*** Block opens ***

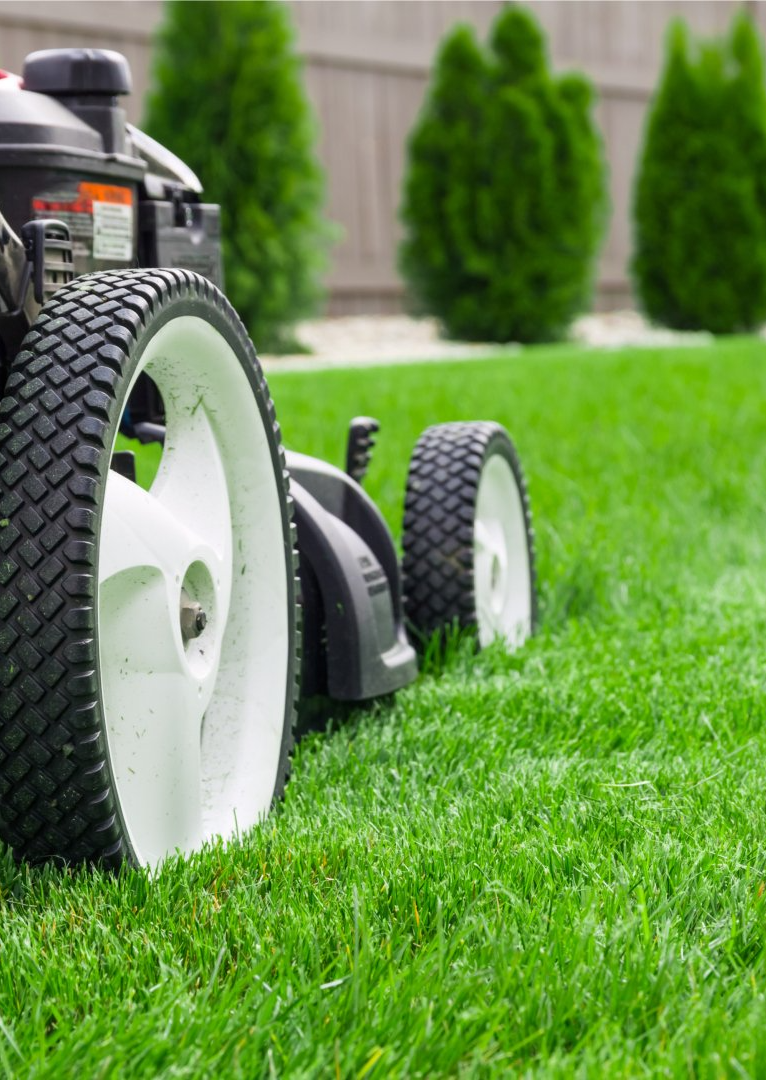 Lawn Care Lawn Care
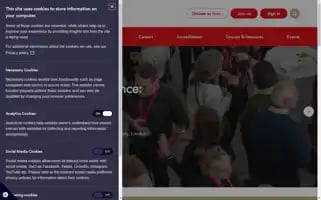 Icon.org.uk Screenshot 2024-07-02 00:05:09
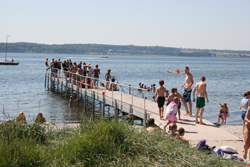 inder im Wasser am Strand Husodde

*** Block closes ***
*** Block opens ***

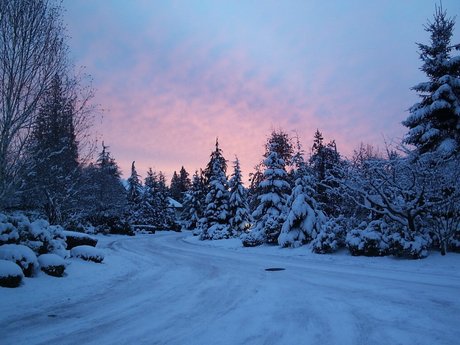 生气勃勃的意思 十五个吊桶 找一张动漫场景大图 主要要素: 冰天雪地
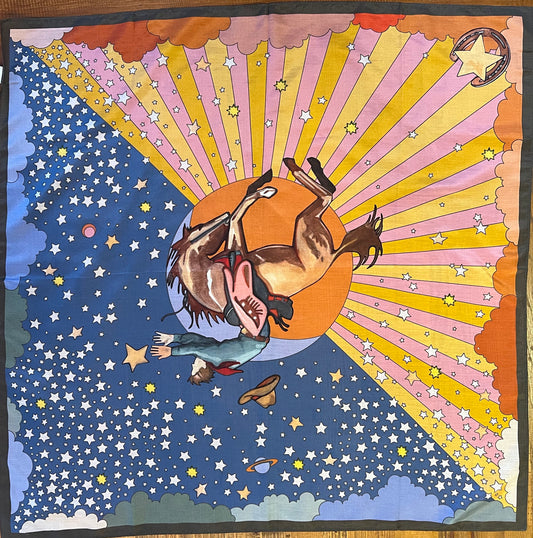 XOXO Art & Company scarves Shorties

*** Block closes ***

Activity: What you write must match the listing exactly, from the line with "Lawn Care Lawn Care" up to and including the line with "inder im Wasser am Strand Husodde". Pictures stay out.

Response below:
 Lawn Care Lawn Care
 Icon.org.uk Screenshot 2024-07-02 00:05:09
 inder im Wasser am Strand Husodde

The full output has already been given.